> WHAT YOU ARE ASKED TO DO: The material beneath this line should be printed exactly, with its pictures omitted.

> INPUT DATA:

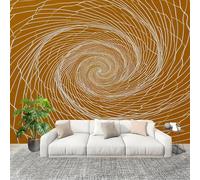 Générique Sticker Mural 3D Papier Peint Panoramique Lignes D'Illusion D'Optique Peler Et Coller Fresque Murale 200x140 cm Jaune Papier Peint Photo Créatif enfants DIY Salon intérieure Bureau Crèche
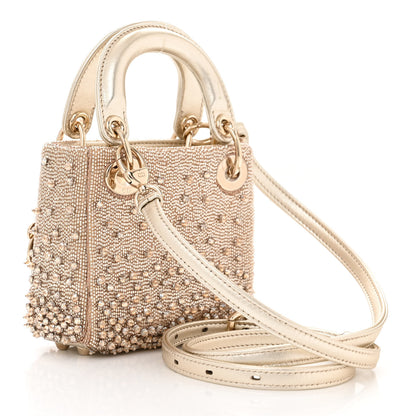 Christian Dior Metallic Lambskin Crystal Beaded Embroidered Micro Lady Dior Gold 3 of 10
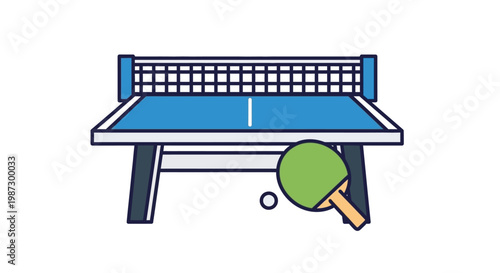 Ping pong table with racket and ball.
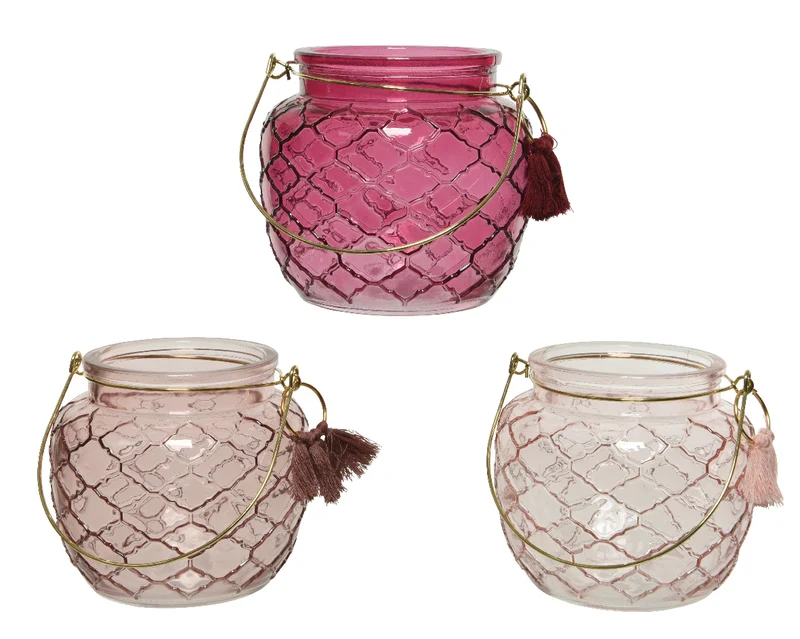 Tealightholder glass, tassel hanger, relief D11,5 H10cm 3 colors assorted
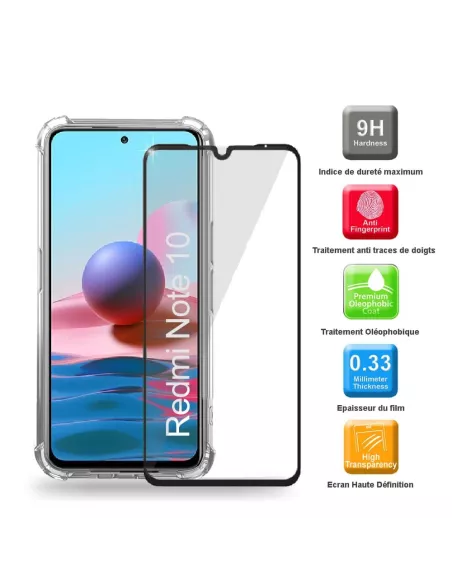 Xiaomi Redmi Note 10 Pack Coque antichocs + Protection écran 9H | I...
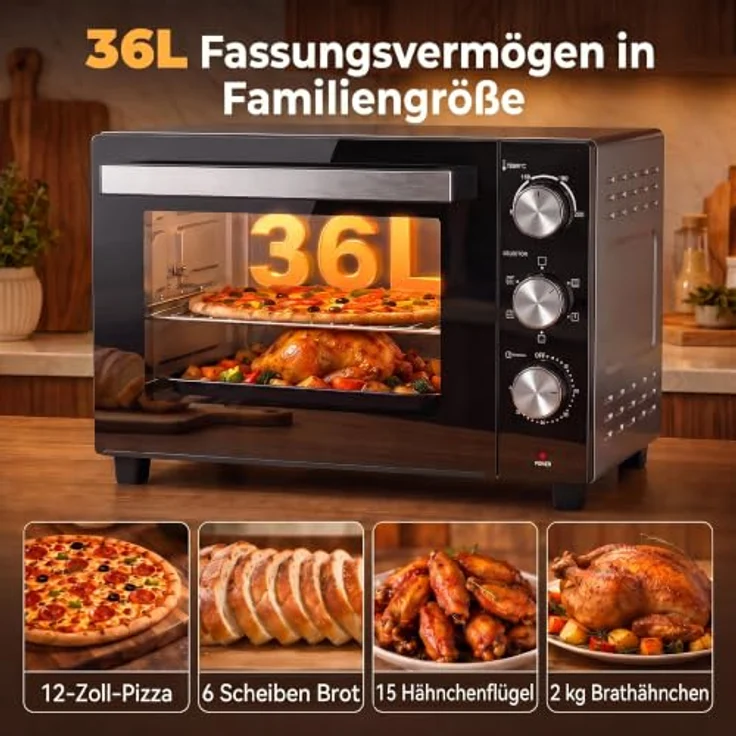HOMCOM Mini Backofen mit Umluft, 36L, Drehspieß, 1500W, Silber, 90–230℃, 60 Min. Timer – Bild 5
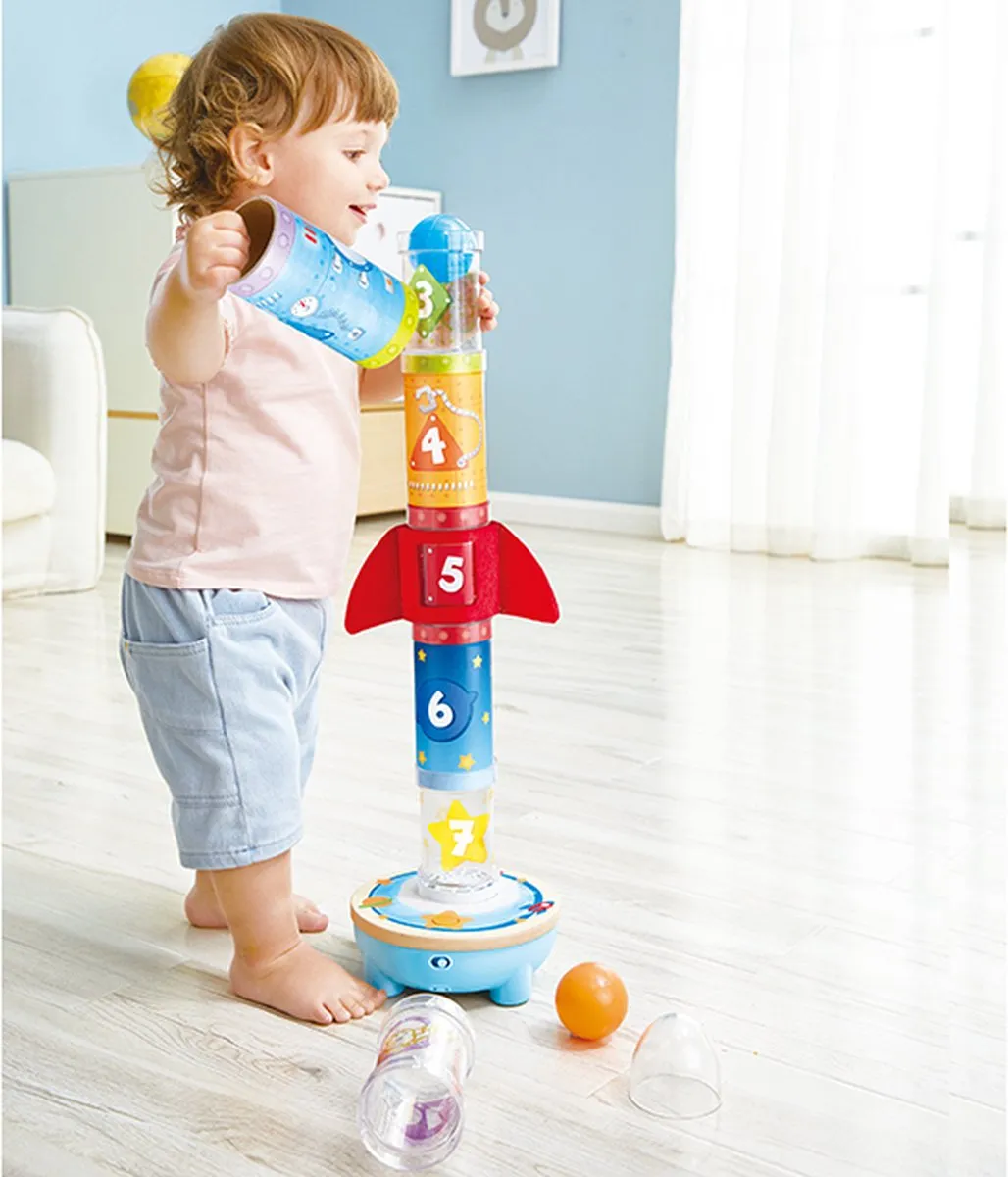 Hape Raket Lucht Stapelaar E0387 - 4 Stuks - Veelkleurig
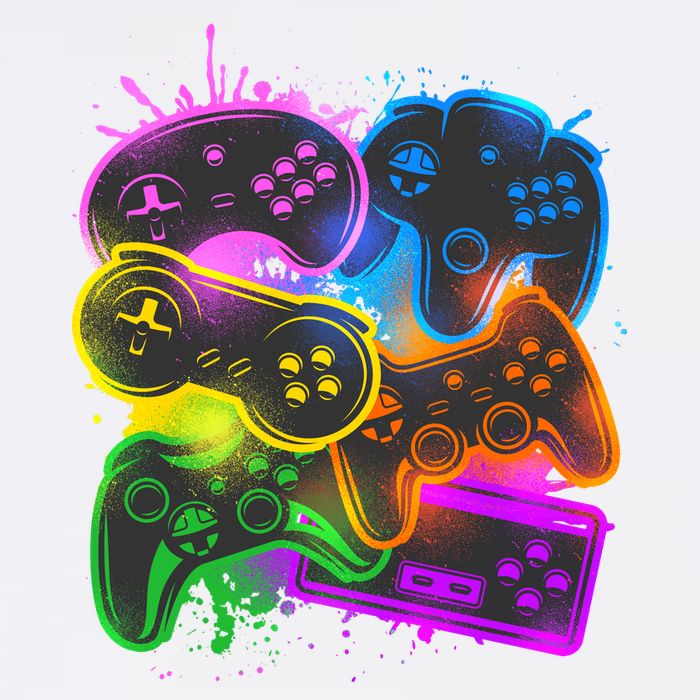 Cool Retro Neon Graffiti Video Game Controllers Garment-Dyed Sweatshirt
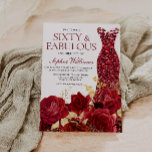 Sparkle Red Dress Rose Gold Leaf 60. Geburtstag Einladung<br><div class="desc">Sechzig & Fabulous! Sparkle Red Dress Rose Gold Leaf 60. Geburtstag Einladung Siehe Matching Kollektion in Nest und Nest Store Vielen Dank</div>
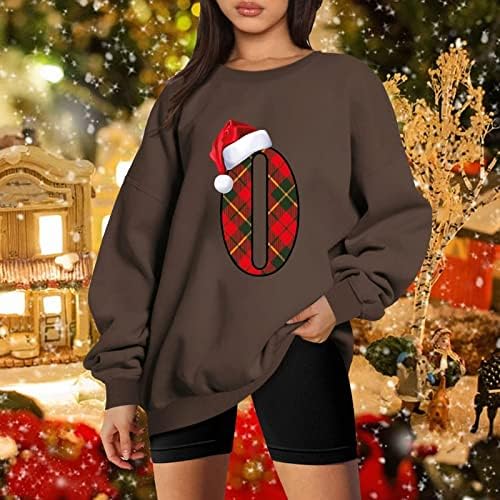 Akollsppnsy Sweothirshirts for Women Christmas Print O-pescoço No capuz Camise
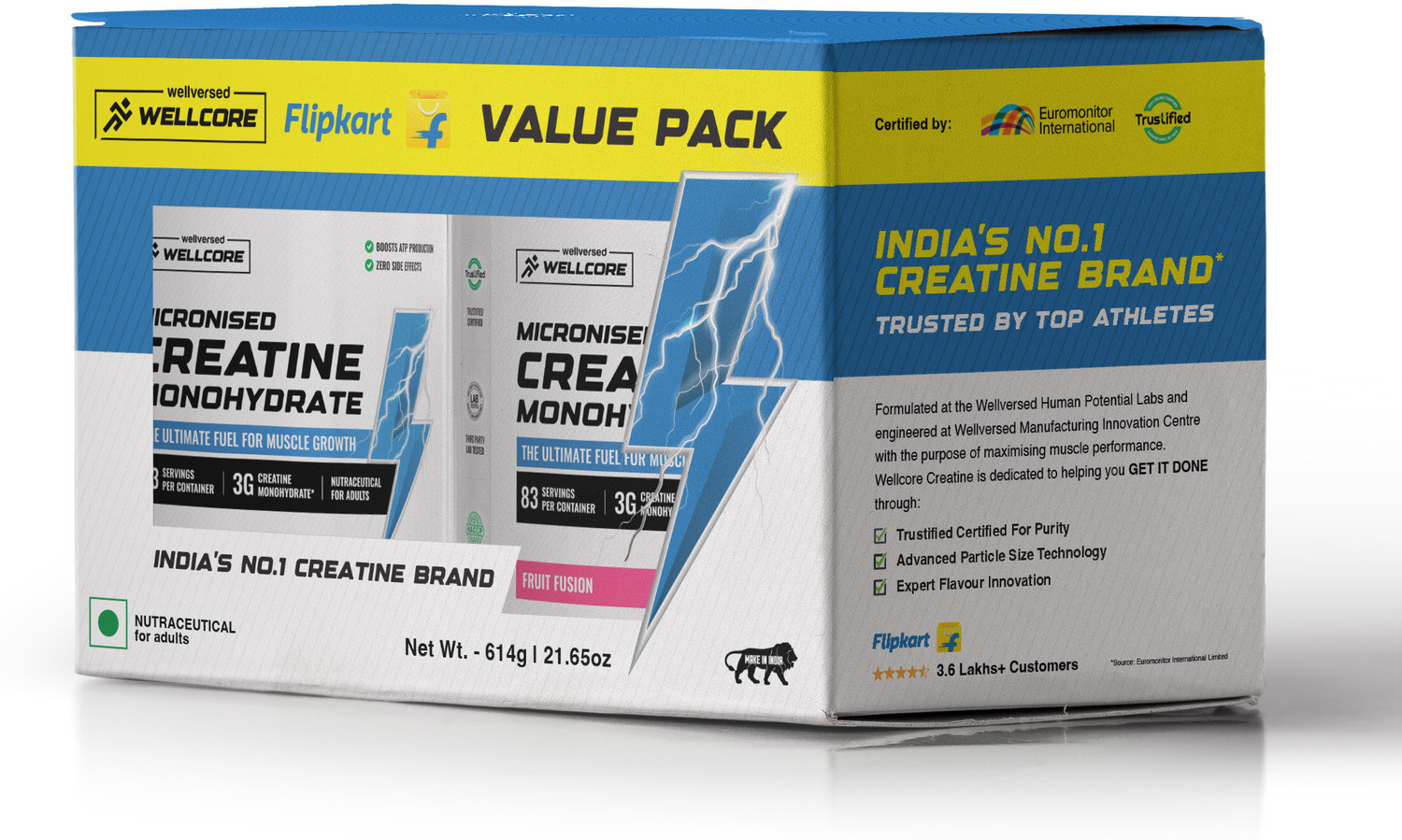 Image of Wellcore Fruit Fusion Value Pack - Micronised Creatine Monohydrate | Lab Tested Creatine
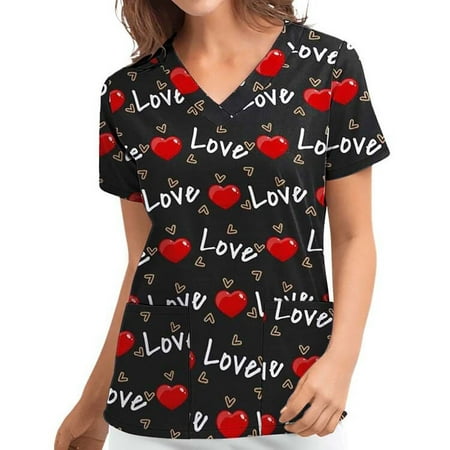 

Zeceouar scrubs tops for women designs plus size Scrub Shirts V-neck valentines day gifts Printing Short Sleeve Nursing Working Uniform Tops with pocket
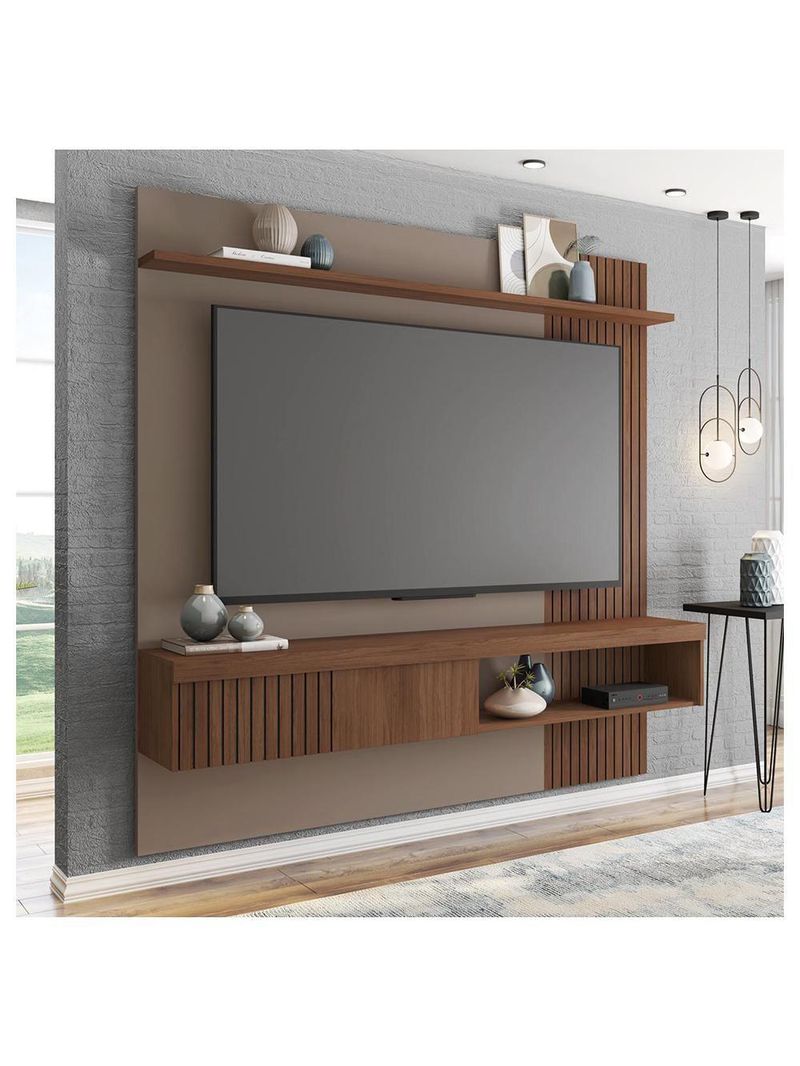 Painel Para Tv Até 65 Polegadas Marrom Jade Caemmun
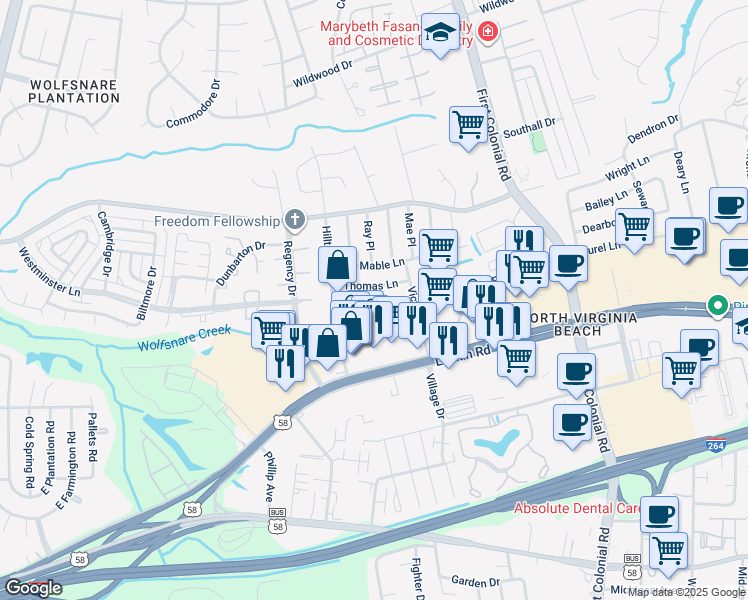 map of restaurants, bars, coffee shops, grocery stores, and more near 1852 Steve Lane in Virginia Beach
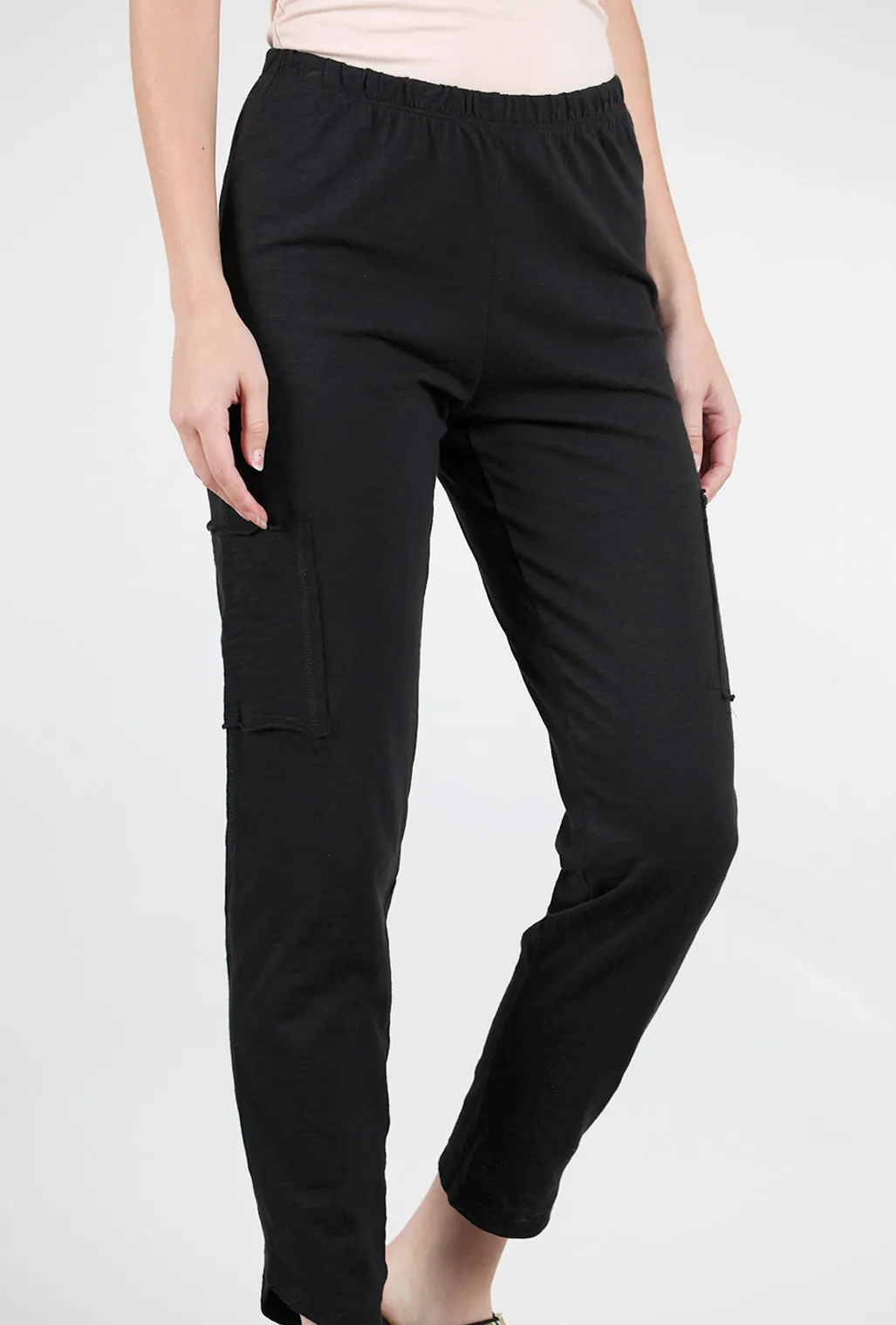Classic Look Cotton Slub Pocket Ankle Pant, Black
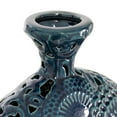 thumbnail image 4 of DecMode 16", 13"H Floral Blue Ceramic Vase with Cut Out Patterns, Set of 2, 4 of 9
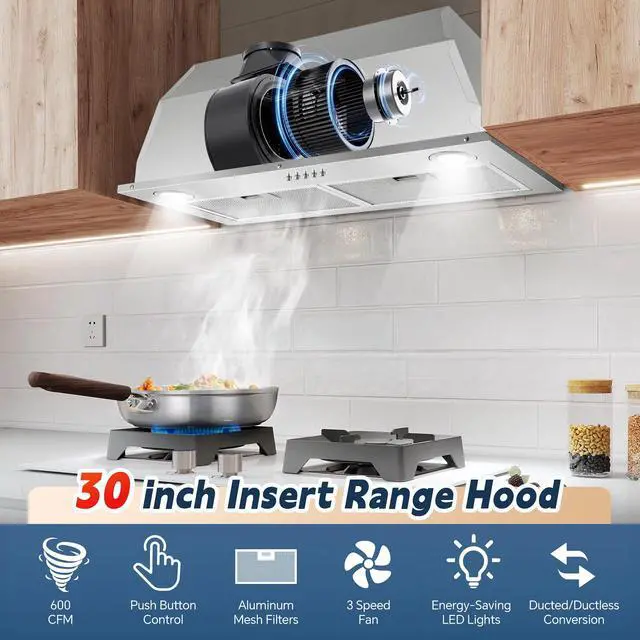 Alt view image 2 of 7 - Range Hood Insert 30 inch Stainless Steel Built-in Kitchen Hood | 600 CFM, Ductless/Ducted Range Hood, Push Button Control, 3-Speed Fan, 2 Pcs Aluminum Filters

> RESULT OF THE TASK:
 Générique Sticker Mural 3D Papier Peint Panoramique Lignes D'Illusion D'Optique Peler Et Coller Fresque Murale 200x140 cm Jaune Papier Peint Photo Créatif enfants DIY Salon intérieure Bureau Crèche
 Christian Dior Metallic Lambskin Crystal Beaded Embroidered Micro Lady Dior Gold 3 of 10
 Ping pong table with racket and ball.
 Tealightholder glass, tassel hanger, relief D11,5 H10cm 3 colors assorted
 Xiaomi Redmi Note 10 Pack Coque antichocs + Protection écran 9H | I...
HOMCOM Mini Backofen mit Umluft, 36L, Drehspieß, 1500W, Silber, 90–230℃, 60 Min. Timer – Bild 5
 Hape Raket Lucht Stapelaar E0387 - 4 Stuks - Veelkleurig
 Cool Retro Neon Graffiti Video Game Controllers Garment-Dyed Sweatshirt
 Sparkle Red Dress Rose Gold Leaf 60. Geburtstag Einladung<br><div class="desc">Sechzig & Fabulous! Sparkle Red Dress Rose Gold Leaf 60. Geburtstag Einladung Siehe Matching Kollektion in Nest und Nest Store Vielen Dank</div>
 Akollsppnsy Sweothirshirts for Women Christmas Print O-pescoço No capuz Camise
 Image of Wellcore Fruit Fusion Value Pack - Micronised Creatine Monohydrate | Lab Tested Creatine

Zeceouar scrubs tops for women designs plus size Scrub Shirts V-neck valentines day gifts Printing Short Sleeve Nursing Working Uniform Tops with pocket
 Painel Para Tv Até 65 Polegadas Marrom Jade Caemmun
 map of restaurants, bars, coffee shops, grocery stores, and more near 1852 Steve Lane in Virginia Beach
Classic Look Cotton Slub Pocket Ankle Pant, Black
 thumbnail image 4 of DecMode 16", 13"H Floral Blue Ceramic Vase with Cut Out Patterns, Set of 2, 4 of 9
 Alt view image 2 of 7 - Range Hood Insert 30 inch Stainless Steel Built-in Kitchen Hood | 600 CFM, Ductless/Ducted Range Hood, Push Button Control, 3-Speed Fan, 2 Pcs Aluminum Filters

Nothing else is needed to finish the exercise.